━━━━━ Data excerpts ━━━━━

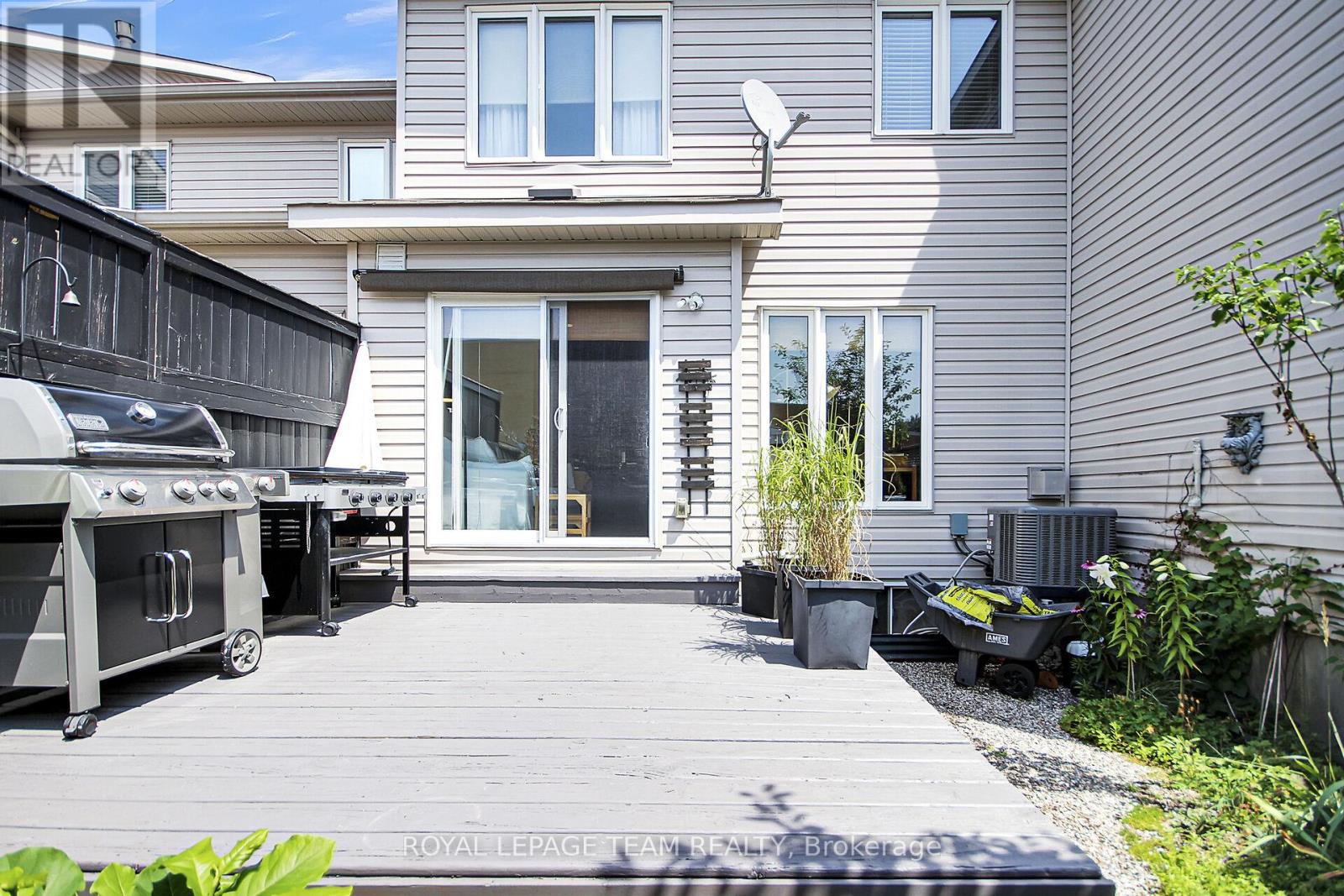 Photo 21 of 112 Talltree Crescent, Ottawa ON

━━━━━
━━━━━ Data excerpts ━━━━━

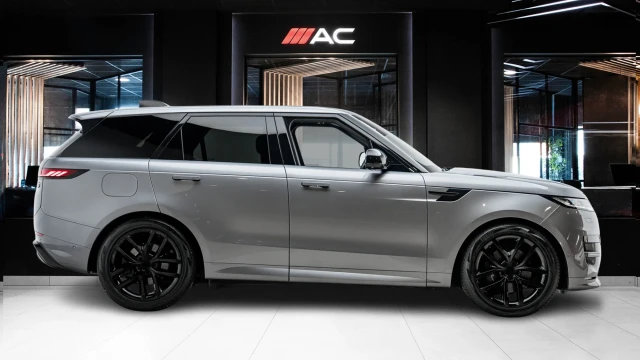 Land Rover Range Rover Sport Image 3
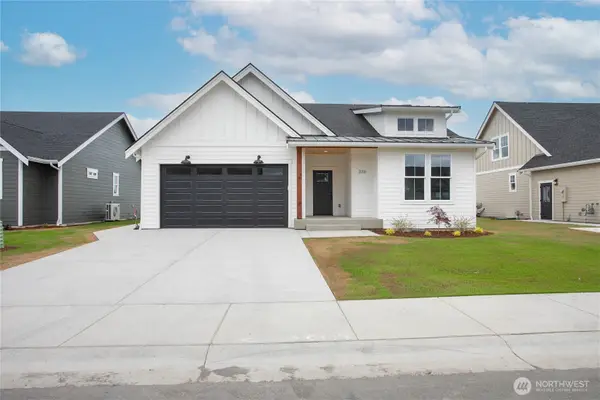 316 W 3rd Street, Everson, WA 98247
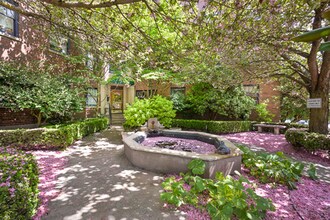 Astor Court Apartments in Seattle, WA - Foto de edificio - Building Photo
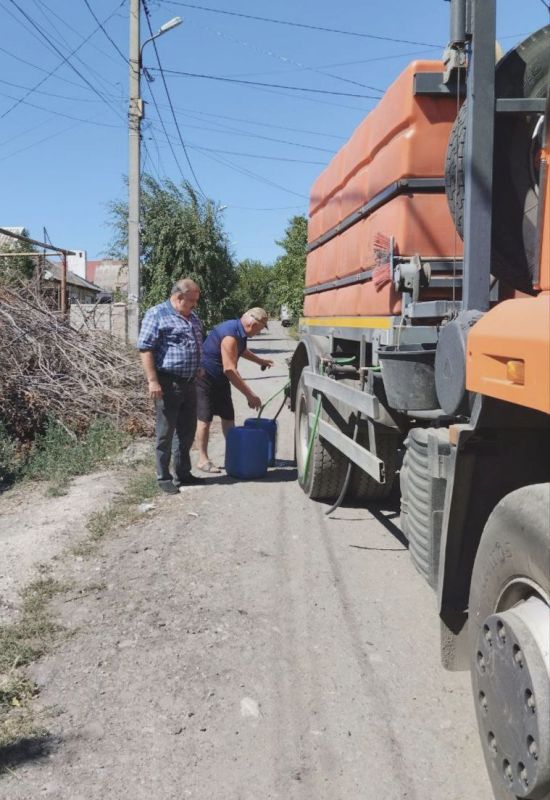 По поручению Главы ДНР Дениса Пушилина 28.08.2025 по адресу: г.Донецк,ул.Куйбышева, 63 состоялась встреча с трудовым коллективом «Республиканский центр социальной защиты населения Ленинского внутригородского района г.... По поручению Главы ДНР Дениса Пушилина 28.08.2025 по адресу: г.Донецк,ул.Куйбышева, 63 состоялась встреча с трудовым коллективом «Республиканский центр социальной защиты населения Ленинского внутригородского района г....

━━━━━

Work request:
Although pictures appear among the entries, please set down only the lines from the one with "316 W 3rd Street, Everson, WA 98247" up to and including the one with "Astor Court Apartments", word for word.

Problem solution:
 316 W 3rd Street, Everson, WA 98247
 Astor Court Apartments in Seattle, WA - Foto de edificio - Building Photo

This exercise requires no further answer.